Nonostante l’entusiasmo dei primi mesi, con la Daniels che aveva lanciato un tour di ascolto in Louisiana per capire meglio i problemi economici dello Stato (qui un video per capire che Stormy era serissima nelle sue intenzioni). La successiva decisione di rinunciare alla candidatura, presa il 15 aprile 2010, è attribuita a una mancanza di fondi economici bastanti a sfidare un potente senatore in carica quale Vitter, in un anno in cui l’allora presidente Obama era in seria difficoltà a livello di consensi. Ma c’è un’altra parte importante: Stormy si è lamentata del fatto che i media non prendevano sul serio la sua candidatura di “donna indipendente che lavora”, e che era stata banalizzata e stereotipizzata. Forse una star del porno non era adatta a portare la bandiera del girl power, avrà pensato. E d’altronde è stata lei stessa a non voler essere accostata al movimento #MeToo, ad esempio: “Non ho mai detto di essere una vittima. Provare a usarmi per gli scopi di qualcun altro danneggia orribilmente le vere vittime”, ha detto in un’intervista. Così ha deciso di tornare a dedicarsi all’industria hollywoodiana per adulti.

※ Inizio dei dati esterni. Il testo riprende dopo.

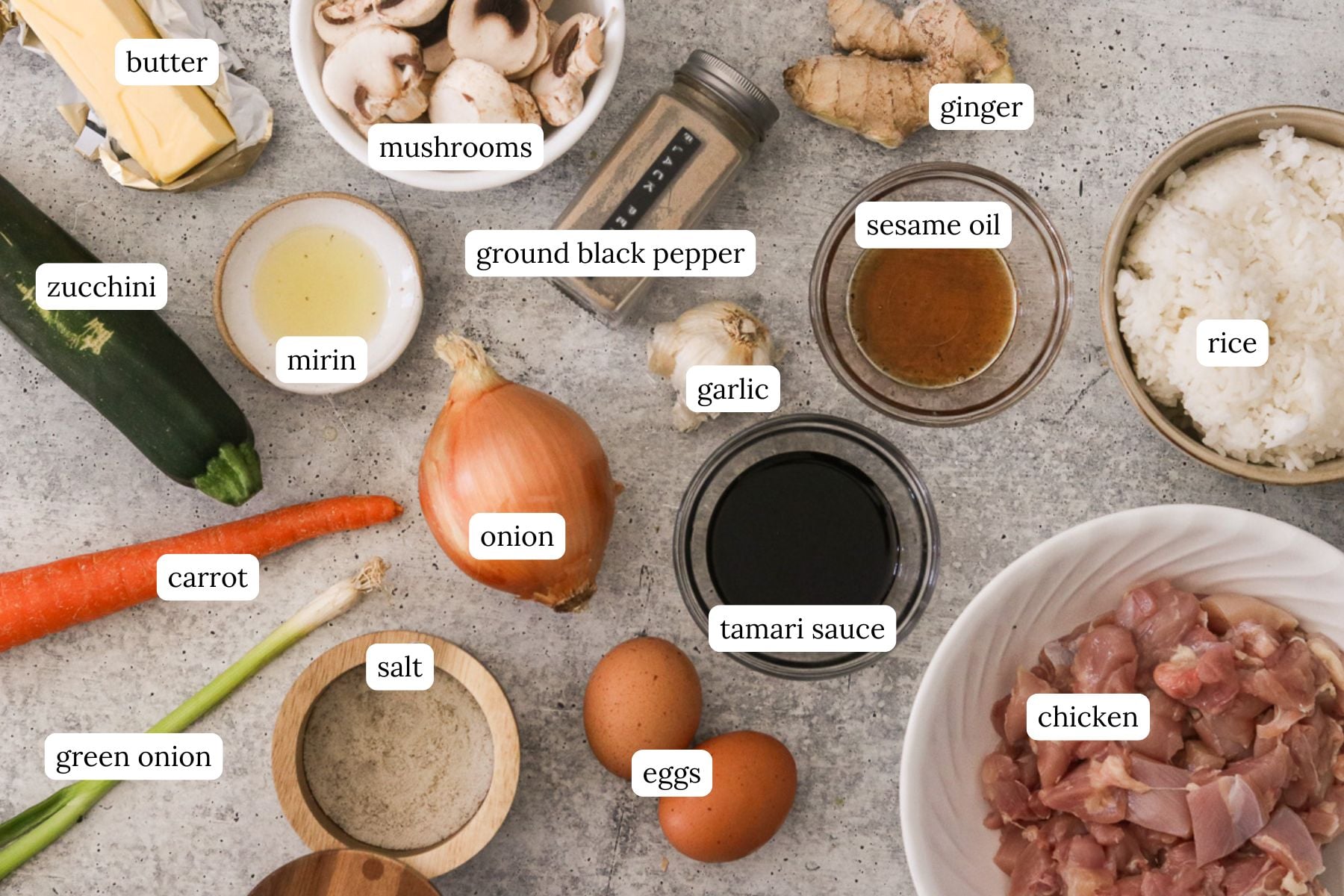 Hibachi chicken bowl recipe ingredients labeled and arranged on a light gray countertop.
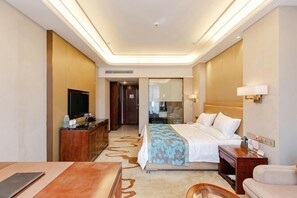 Una habitación de hotel con cama, mesita de noche, lámpara, televisor y escritorio con silla.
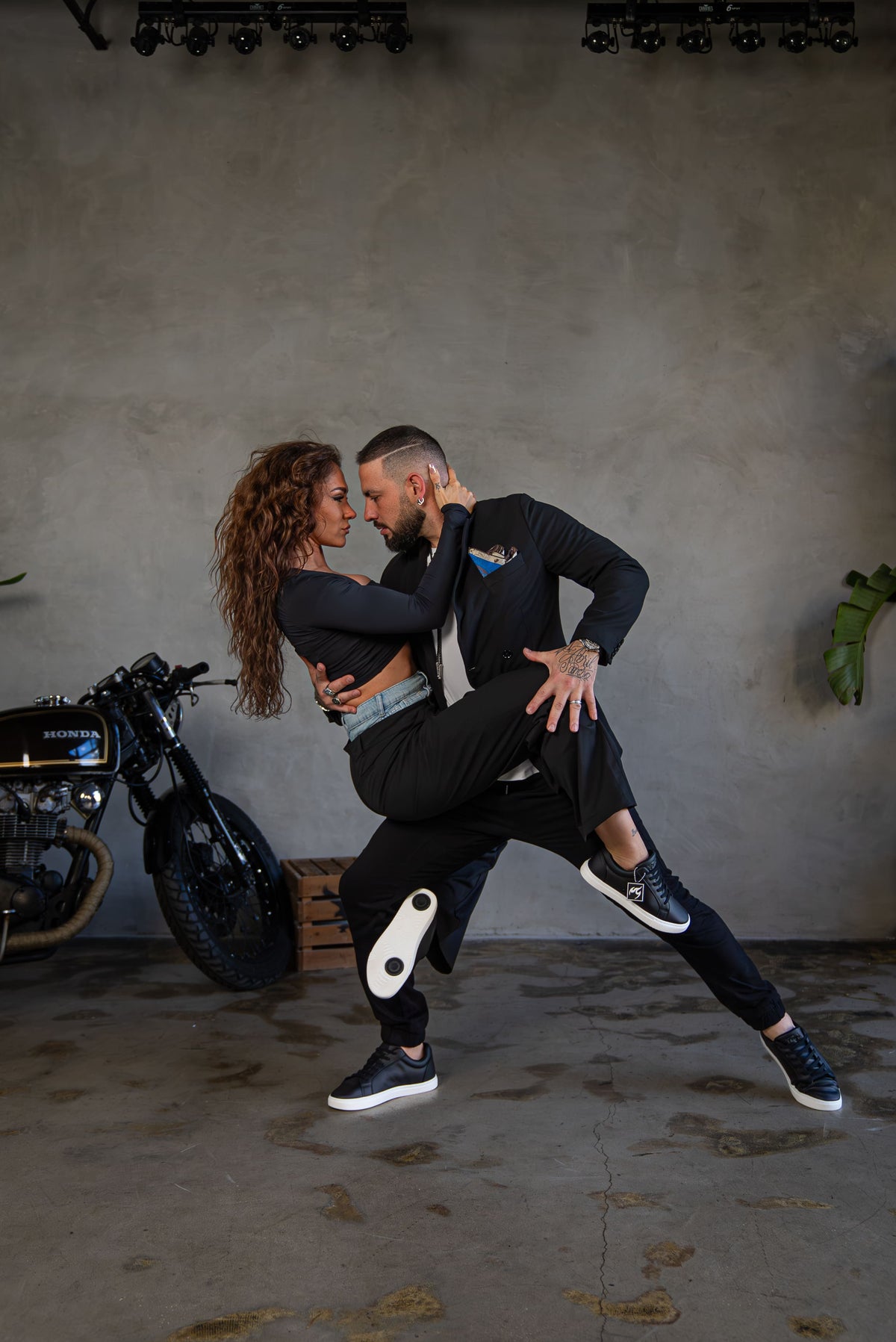 A man and a woman dance closely in a dim indoor setting with a concrete wall, industrial ceiling lights, and a motorcycle at the left edge. The man wears a black long-sleeve top and black pants with white sneakers, while the woman wears a black crop top and black pants. Fuego Lowtop Black dance salsa bachata.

Infine, anche nello sfidare Trump, Stormy Daniels ha dimostrato di essere una donna forte, rifiutandosi di recitare la parte della donna ferita, ma anzi andando all’attacco: lo si nota nella sua intervista al popolare talk 60 Minutes dello scorso 25 marzo, e vedendola apparire nella parte di sé stessa in una parodia satirica della vicenda al Saturday Night Live. Ad Anderson Cooper, intervistatore di 60 Minutes, Stefanie ha detto di aver firmato il “contratto” con Trump per tacere sulla loro relazione perché temeva per la sua famiglia, dopo che un uomo nel 2011 l’aveva seguita e minacciata a Las Vegas. Ha anche rivangato i dettagli più succosi della vicenda (tra cui quello noto della copertina di Forbes) ed è apparsa sicura di sé e determinata a vincere la sua personale guerra. Ha anche realizzato una raccolta lunga 4 ore delle sue migliori scene video intitolata Stormy Trumps All. Questo come a voler dimostrare che non è spaventata dallo sfidare il presidente degli Stati Uniti, anzi che è lei a dettare le regole, come ha sempre fatto nella sua carriera. Solo una malcelata pruderìe può far trascurare le specificità di questa personalità dirompente. Come detto dal New York Times, Stormy è nota per la sua ambizione. E la sua ambizione è quella di diventare la prima pornostar a terminare la carriera di un presidente americano.